## Material for the task
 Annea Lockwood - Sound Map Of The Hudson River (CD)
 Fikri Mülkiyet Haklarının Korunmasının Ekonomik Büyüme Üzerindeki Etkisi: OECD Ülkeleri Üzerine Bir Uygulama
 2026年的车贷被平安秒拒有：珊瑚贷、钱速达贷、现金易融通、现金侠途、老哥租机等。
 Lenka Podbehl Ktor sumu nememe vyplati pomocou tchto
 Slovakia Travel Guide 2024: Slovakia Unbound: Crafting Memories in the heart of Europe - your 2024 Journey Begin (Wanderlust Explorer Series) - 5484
...
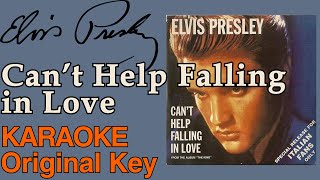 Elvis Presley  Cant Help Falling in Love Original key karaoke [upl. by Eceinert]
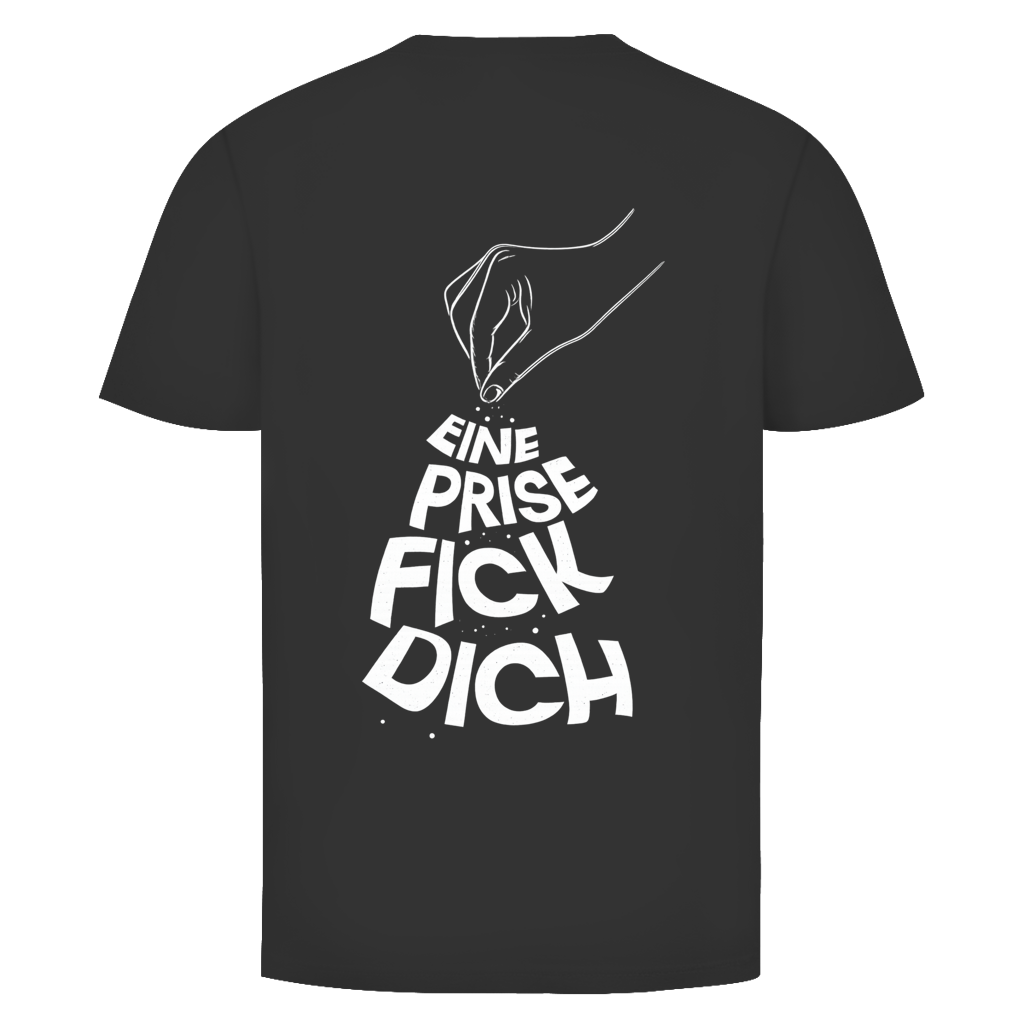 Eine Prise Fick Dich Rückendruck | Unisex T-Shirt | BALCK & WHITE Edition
...
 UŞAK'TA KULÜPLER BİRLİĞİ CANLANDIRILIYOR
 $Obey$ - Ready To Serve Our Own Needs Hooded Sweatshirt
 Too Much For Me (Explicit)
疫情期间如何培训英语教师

## Your task
Keep both end lines and retype everything in the records above from the line containing "Annea Lockwood - Sound" through the line containing "Lenka Podbehl Ktor", exactly, with nothing else.

## Response to the exercise
 Annea Lockwood - Sound Map Of The Hudson River (CD)
 Fikri Mülkiyet Haklarının Korunmasının Ekonomik Büyüme Üzerindeki Etkisi: OECD Ülkeleri Üzerine Bir Uygulama
 2026年的车贷被平安秒拒有：珊瑚贷、钱速达贷、现金易融通、现金侠途、老哥租机等。
 Lenka Podbehl Ktor sumu nememe vyplati pomocou tchto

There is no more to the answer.